I’ve always said that one of the marks of adulthood is the moment when you start buying food for yourself… and realize how expensive nuts are. They’re chock full o’ (nut candy pun!) good fats, and they taste amazing when salted or roasted although slightly less beneficial for your health. They’re dynamic, too– they’re featured in tons of healthy recipes, gracing a dessert as readily as a salad. These small, delectable objects boast a hefty price. Why are nuts so expensive?
Cashews: $8.29/lb (source: wholesale at Nuts.com)
Cashews originated in Brazil but are currently grown largely in Africa and India. The cashew tree grows cashew apples, that produce a shelled nut. Between the shell and the nut there is in a poisonous oil similar to the irritant in poison ivy. Cashew nuts must be individually shelled then roasted or steamed to eliminate the poisonous oil. This labor intensive process increases the price.

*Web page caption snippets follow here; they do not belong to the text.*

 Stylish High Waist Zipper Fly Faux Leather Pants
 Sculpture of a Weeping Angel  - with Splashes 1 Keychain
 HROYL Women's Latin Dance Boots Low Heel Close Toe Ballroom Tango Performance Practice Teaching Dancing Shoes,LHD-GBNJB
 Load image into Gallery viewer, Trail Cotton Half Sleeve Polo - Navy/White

The financial life of the almond has been rather turbulent the last few years. California is one of the only places where almonds can be grown, and grows 80% of the world’s almonds supply. California is in a historic drought, and the expensive cost of water in California and demand has traditionally driven the high price of almonds. The strong U.S. dollar has caused decreased demand in European and Asian markets while 2016, an El Nino year, saw an increased supply and a drop in prices, so many experts claimed the reign of expensive almonds was over. Almond growers believe that supply and demand will soon reach an equilibrium.
Pecans are native to the U.S., grown largely in Georgia, Texas and New Mexico. Between 2006 and 2009, U.S. pecan exports to China grew by about 8 times, and demand has only grown since. Strong pecan demand in China and Asia keeps prices high. In recent years, weather has not been kind to the crop, especially in Georgia, decreasing supply.

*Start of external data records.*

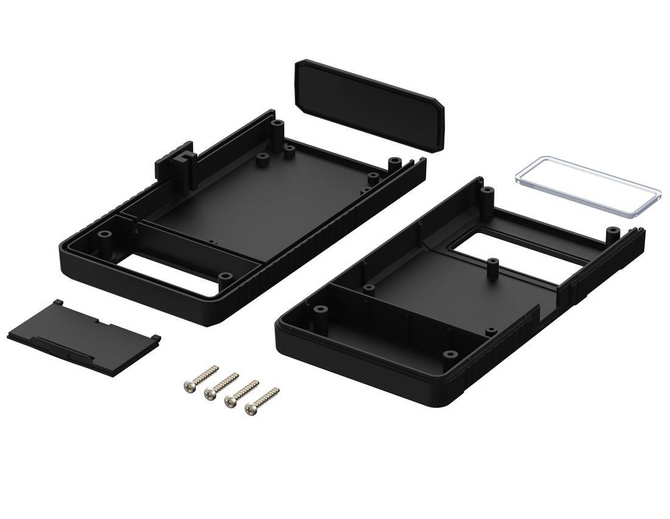 Bopla BOS 757-9005 (34757000) - hand-held enclosure with battery compartment (2 x 9V) , display screen and side-fitted slide for switch (157 x 84 x 30 mm)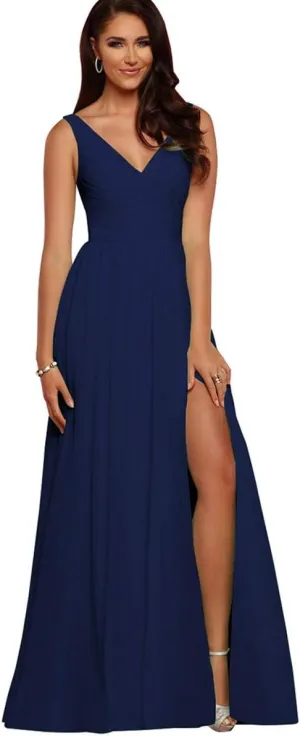 V Neck Bridesmaid Dresses Long Split Chiffon Pleated Wedding Evening Prom Gown for Women Navy Blue Size 6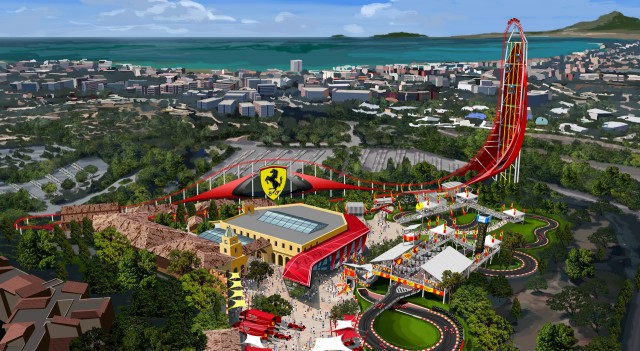 Concept drawing for Ferrari Land theme park in Barcelona, Spain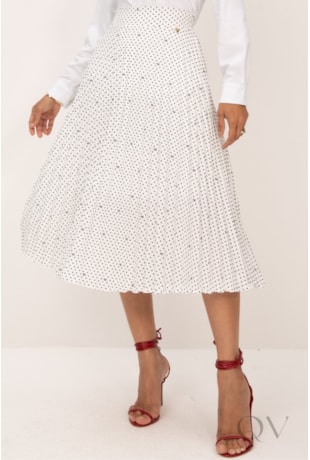 SAIA MIDI PLISSADA EM OFF ESTAMPA LK COM POÁS PRETO - LEKAZIS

Pistachios are often one of the most expensive nuts because of the nature of their trees. Pistachio trees have small peak yields, and only achieve peak yield every other year. Pistachios are only heavily grown in Iran, Turkey, and California because they need a cool winter and long warm summer. After one of the worst pistachio harvests ever in 2015, the 2016 harvest was incredibly successful, so the price has decreased but not as much as expected.
These small nuts are grown on big trees, so they take up a lot of space. Add to that the drought in California, where so many nuts are grown, and increasing international demand and you’ve got yourself a recipe for high prices. Ultimately, they’re worth the extra cash you may shell out!